(Short web captions)
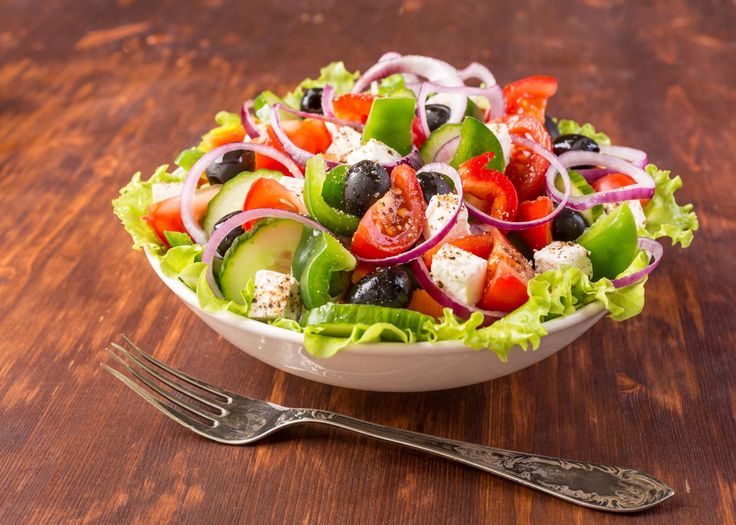 Greek Salad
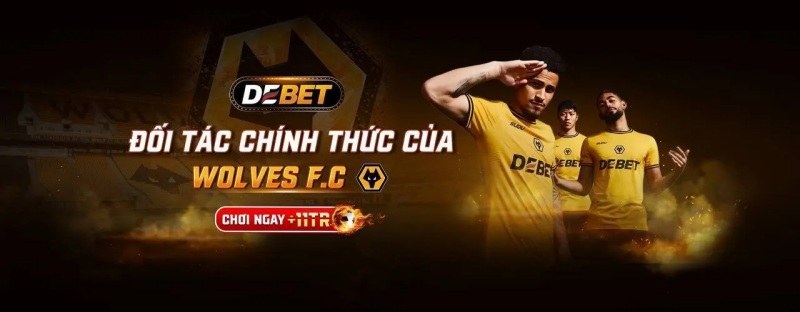 DEBET - Nhà cái thể thao uy tín số 1 Đông Nam Á 2024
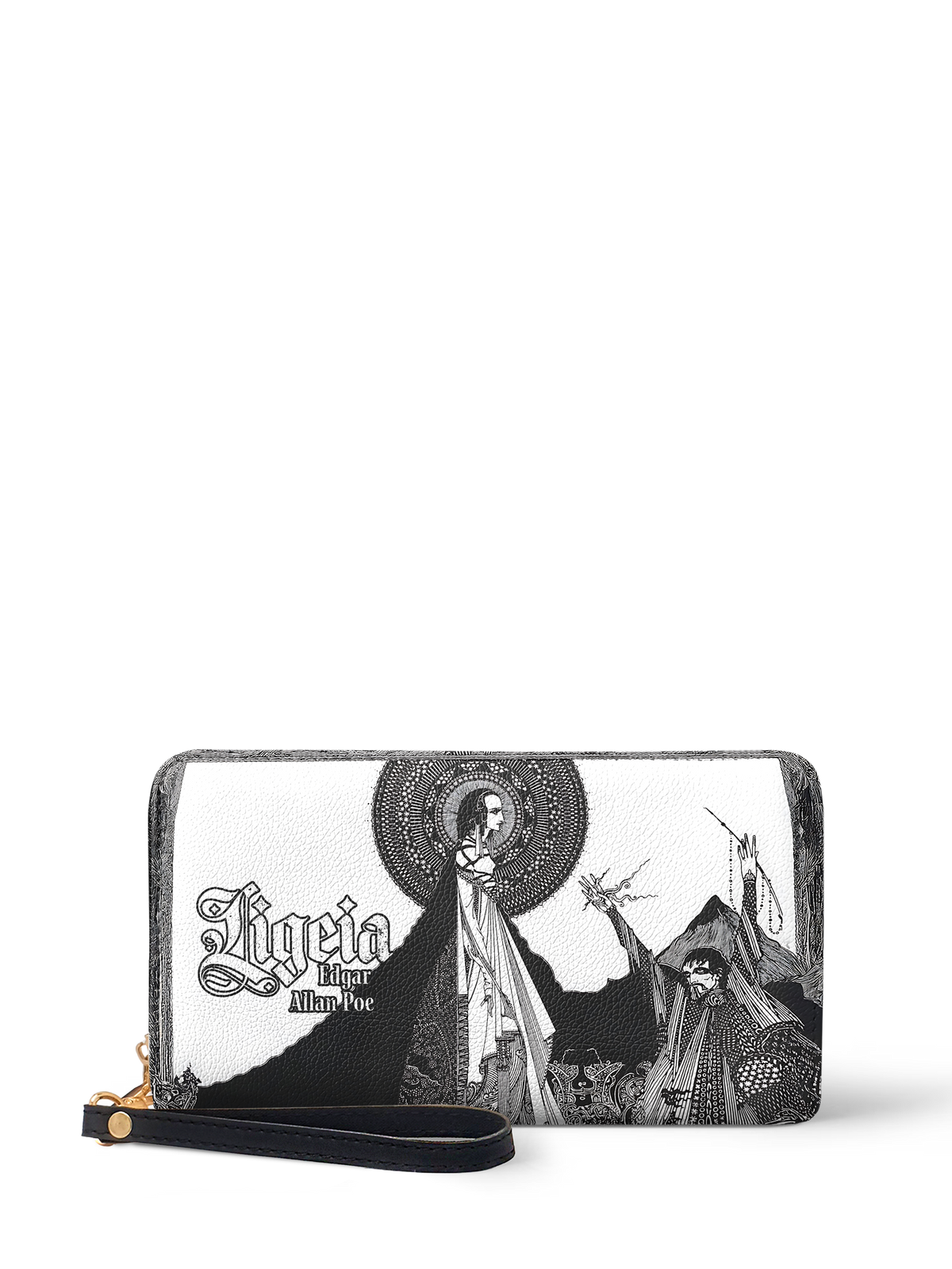 "Ligeia" Wallet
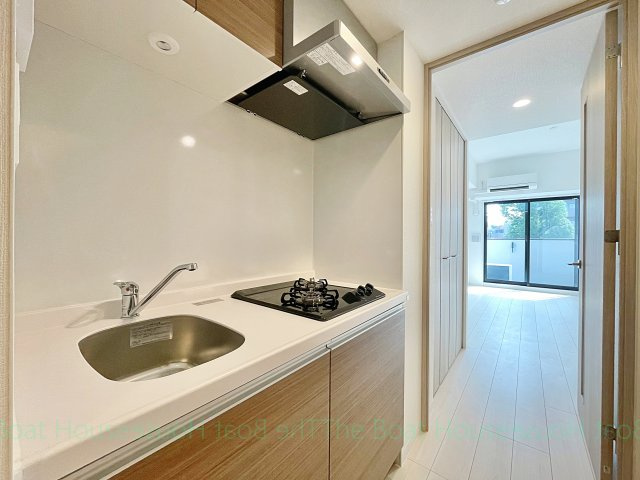 S-RESIDENCE神宮西駅前ascent(アセント)のキッチン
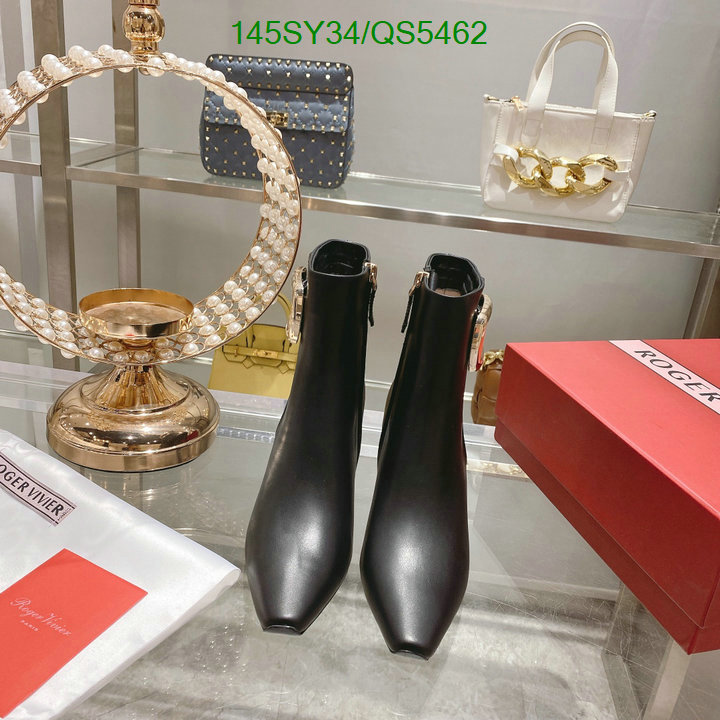 Roger Vivier-Women Shoes Code: QS5462 $: 145USD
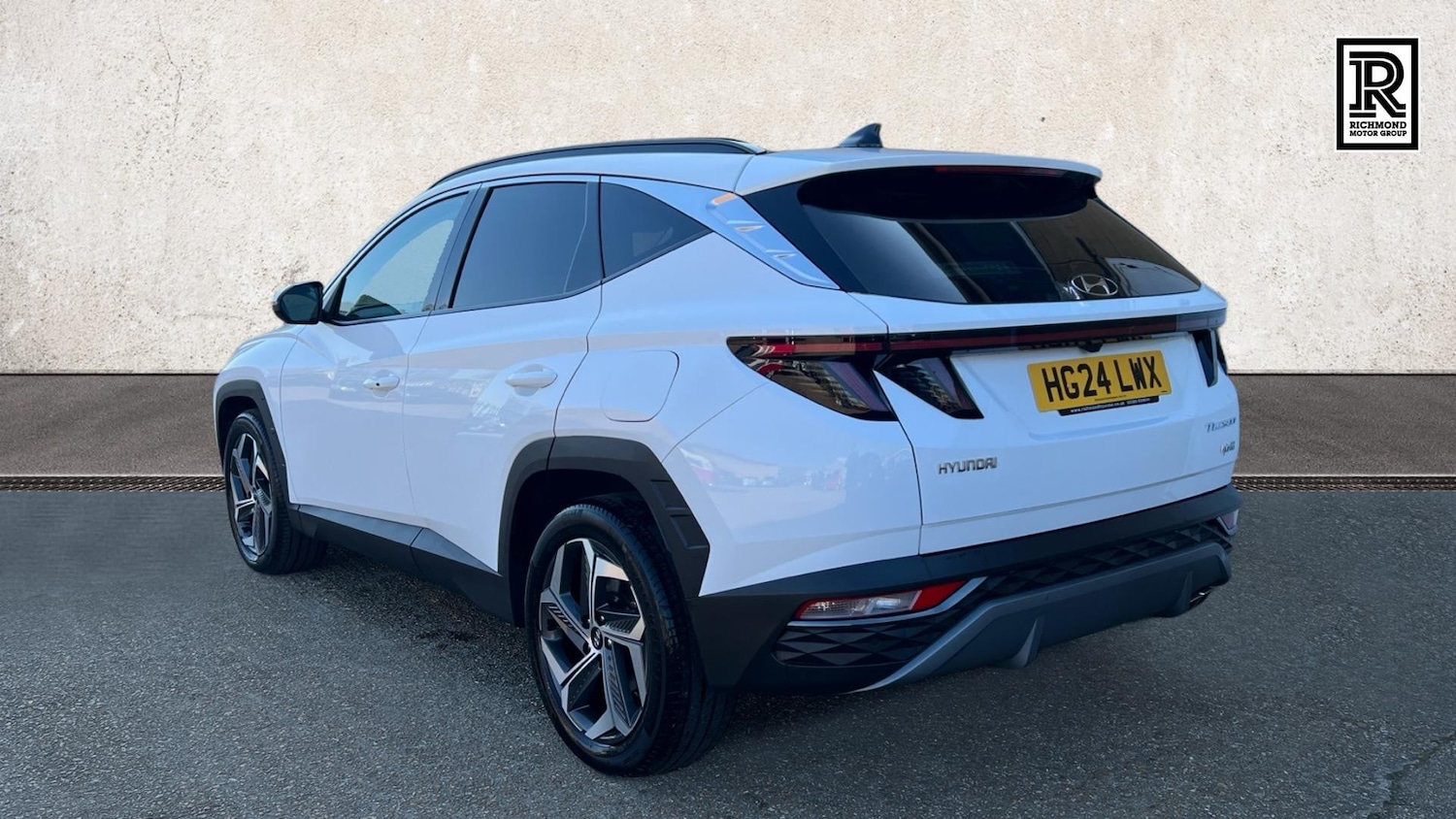 Used Hyundai TUCSON 2024 for sale - 77792986: Photo 3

» WHAT YOU WILL DO
Output the entries verbatim, skipping images.

» ANSWER SECTION
 Greek Salad
 DEBET - Nhà cái thể thao uy tín số 1 Đông Nam Á 2024
 "Ligeia" Wallet
 S-RESIDENCE神宮西駅前ascent(アセント)のキッチン
 Roger Vivier-Women Shoes Code: QS5462 $: 145USD
 Used Hyundai TUCSON 2024 for sale - 77792986: Photo 3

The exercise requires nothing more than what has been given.